- _COLLECTED MATERIAL_:
◆ ◆ ◆ ◆ ◆

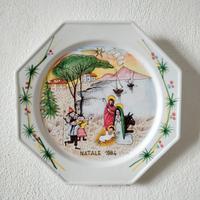 piatti decorativi in ceramica dipinti a mano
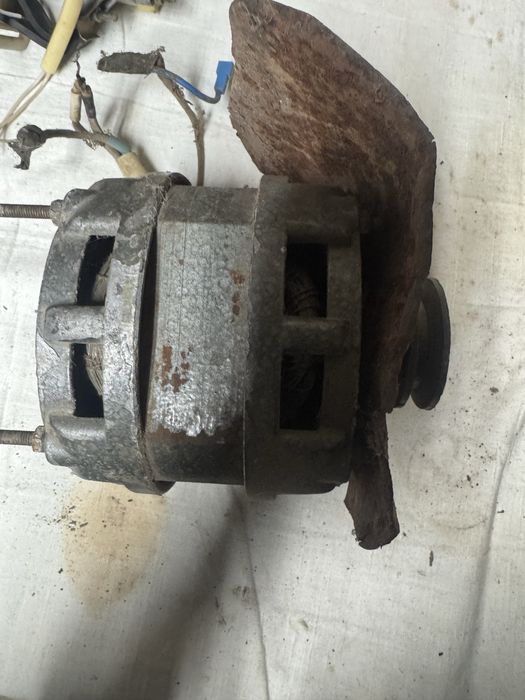 Электродвигатель со стиральной машины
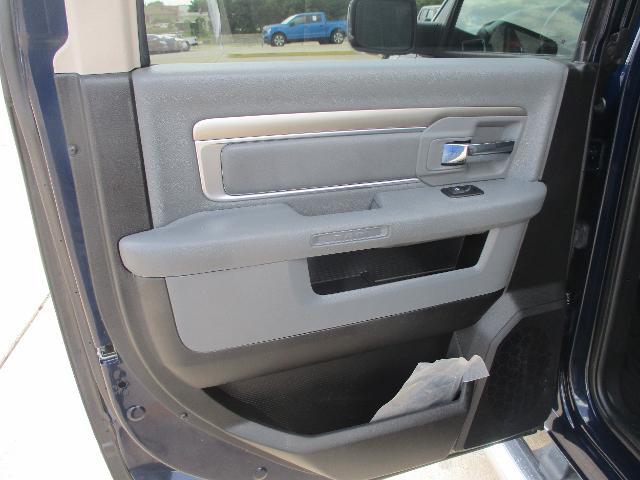 2018 Ram 1500 Big Horn Crew Cab 4x4 5'7" Box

◆ ◆ ◆ ◆ ◆

- _THE PROBLEM_: Would you give the data above again word for word, skipping any images?

- _OUTPUT OF THE EXERCISE_:
 piatti decorativi in ceramica dipinti a mano
 Электродвигатель со стиральной машины
 2018 Ram 1500 Big Horn Crew Cab 4x4 5'7" Box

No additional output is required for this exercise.